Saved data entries
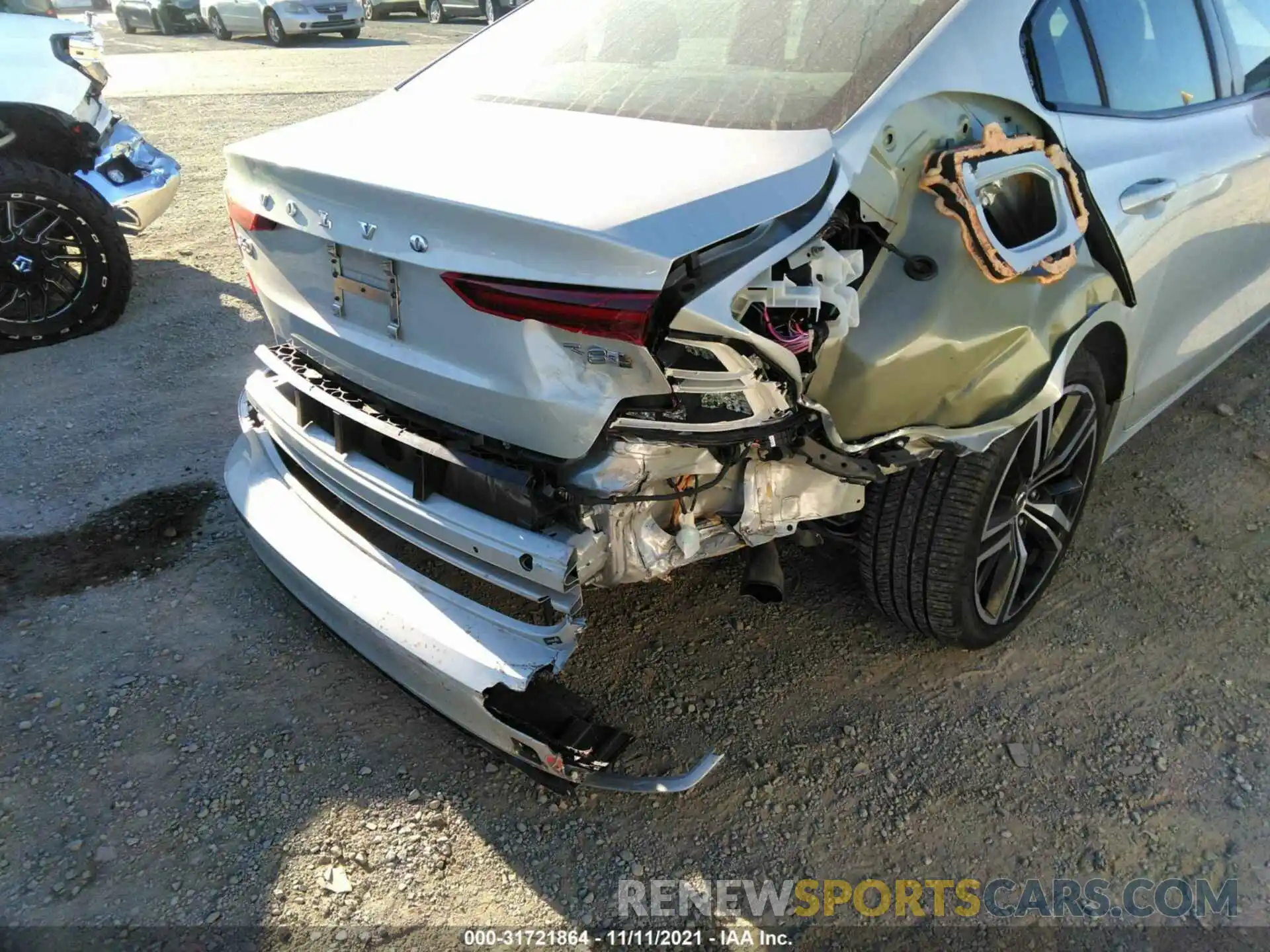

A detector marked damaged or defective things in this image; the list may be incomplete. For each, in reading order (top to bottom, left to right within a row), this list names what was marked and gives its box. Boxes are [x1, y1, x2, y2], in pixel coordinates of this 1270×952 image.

crumpled rear bumper [77, 118, 180, 237]
missing tail light [228, 198, 279, 233]
damaged trunk lid [224, 94, 836, 460]
missing tail light [442, 271, 659, 346]
crumpled rear bumper [226, 354, 725, 793]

- [What you need to do] All records above are to be repeated exactly, with the images left out.

- [Reply to the task]
A detector marked damaged or defective things in this image; the list may be incomplete. For each, in reading order (top to bottom, left to right within a row), this list names what was marked and gives its box. Boxes are [x1, y1, x2, y2], in pixel coordinates of this 1270×952 image.

crumpled rear bumper [77, 118, 180, 237]
missing tail light [228, 198, 279, 233]
damaged trunk lid [224, 94, 836, 460]
missing tail light [442, 271, 659, 346]
crumpled rear bumper [226, 354, 725, 793]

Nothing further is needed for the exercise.